CD Kritik Progressive Newsletter Nr.45 (08/2003)
Scapeland Wish - The ghost of autumn
(73:09, Privatpressung, 2003)
Bei Scapeland Wish könnte man prima Vergleichsmomente zu allen möglichen Bands ziehen. Gerecht wird man ihnen damit keineswegs, sondern dies sorgt mehr für Verwirrung. Denn auch wenn der Harmoniegesang irgendwo zwischen CSNY und Yes schwankt, die Gitarre manchmal Erinnerung an Rush bzw. Boston aufkommen lässt, die Arrangements in Nuancen an Styx bzw. guten amerikanischen Mainstream Rock erinnern, so sind dies nur kleine Puzzleteile, das Gesamtbild wirkt wesentlich eigenständiger und klingt keineswegs vergleichbar. Scapeland Wish ist ein Trio aus Connecticut, welches sich einer interessanten Mischung aus sachter, typisch amerikanisch klingender Rockmusik (weit weg von langweiligem Mainstreameinheitsbrei) gepaart mit sinfonischen, progressiven Einflüssen verschrieben hat. Die Prog Elemente sind deutlich erkennbar, werden aber vor allem für die Atmosphäre, den Bombast eingesetzt, es gibt also nur wenige ausufernde Instrumentalschlachten, Breakgewitter oder sonstige, mehr offensichtliche Einflüsse, ein paar richtig fette Mellotronteppiche bzw. elegisch jubilierende Gitarrenparts dürfen es aber schon sein. Hinzu kommt jede Menge mehrstimmiger, exzellenter Harmoniegesang, der dem Album den letzten Schliff verpasst. "The ghost of autumn" ist eine bestens arrangierte Songsammlung, die vor allem von sachte aufgebauten Stimmungen, effektiv verwendeten Soloparts lebt, wobei über dem gesamten Album ein verträumter, relaxter Grundgedanke schwebt. Genau dies kann man Scapeland Wish als einzigen, klitzekleinen Nachteil anlasten. Ihr Terrain beackern sie wirklich ausgezeichnet, doch hätte man sich durchaus ein paar mehr tempoverschärfende Parts gewünscht.
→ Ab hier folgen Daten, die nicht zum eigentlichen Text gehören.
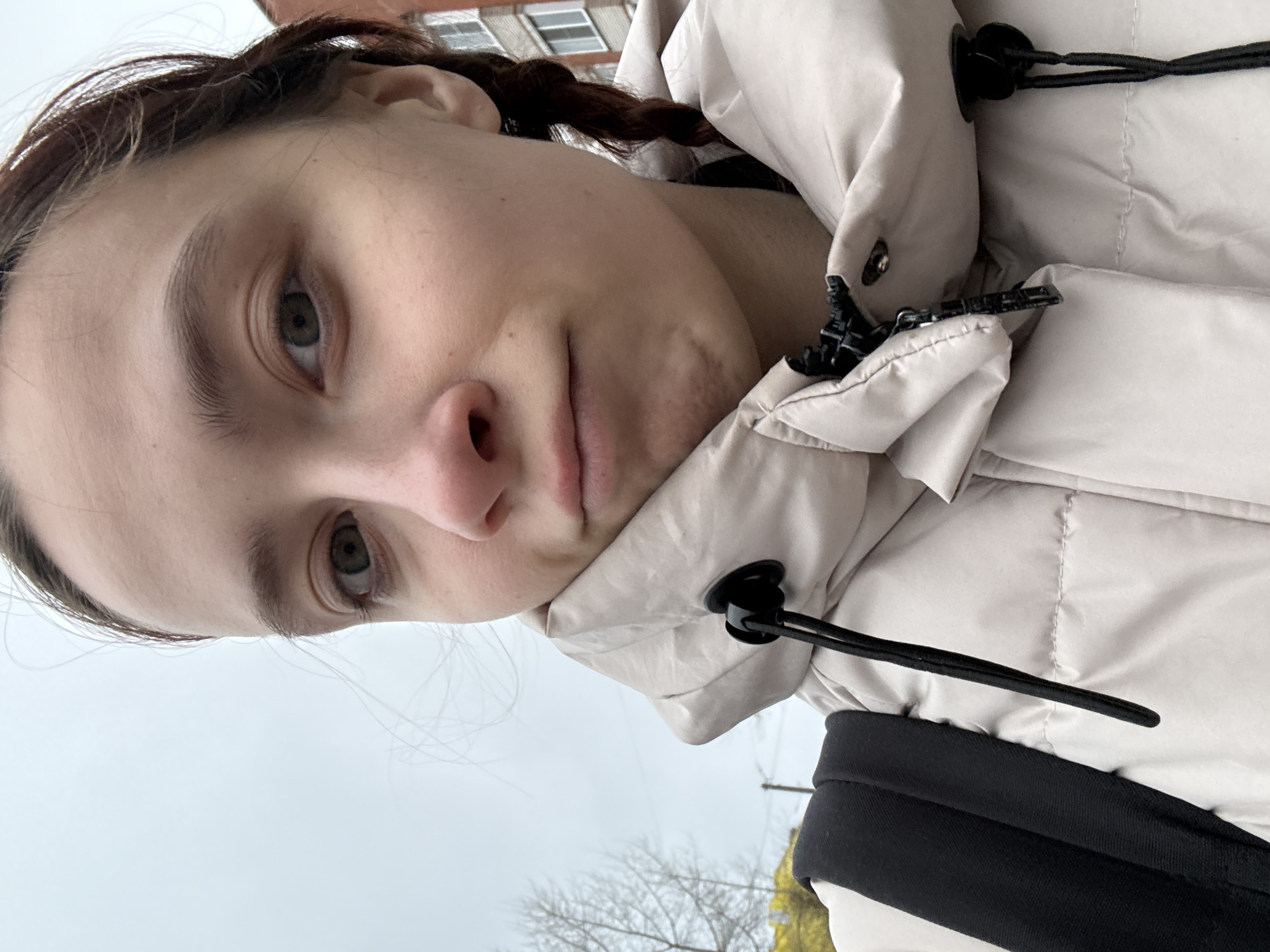 A selfie portrait of a light-skinned individual with braided brown hair, fair complexion, and visible facial features, including light eyes, nose, and lips. The person is wearing a light-colored, possibly beige, puffer jacket with black drawstrings and a zipper, which is partially visible. A black backpack strap is seen on the right side of the image.
The background shows a cloudy sky and blurred elements of a city environment, including the top of a building with windows and bare tree branches. The location is identified as the city of Chaikovsky, Russia, based on the request. No specific actions or interactions are observed, as the subject is posing for the photograph.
Dass sie auch richtig losrocken können, beweisen sie u.a. mit dem Instrumental "Ostrich alternative". Abgesehen von diesem kleinen, eigentlich gänzlich zu vernachlässigen Schönheitsfehler gelingt es Scapeland Wish ein in Teilen musikalisch zurückgenommenes, insgesamt aber äußerst ansprechendes, mitreißendes Album abzuliefern. Hoffentlich wird aus der Band mit diesem Album mehr als nur Geheimtipp, sie hätten es zweifelsohne verdient.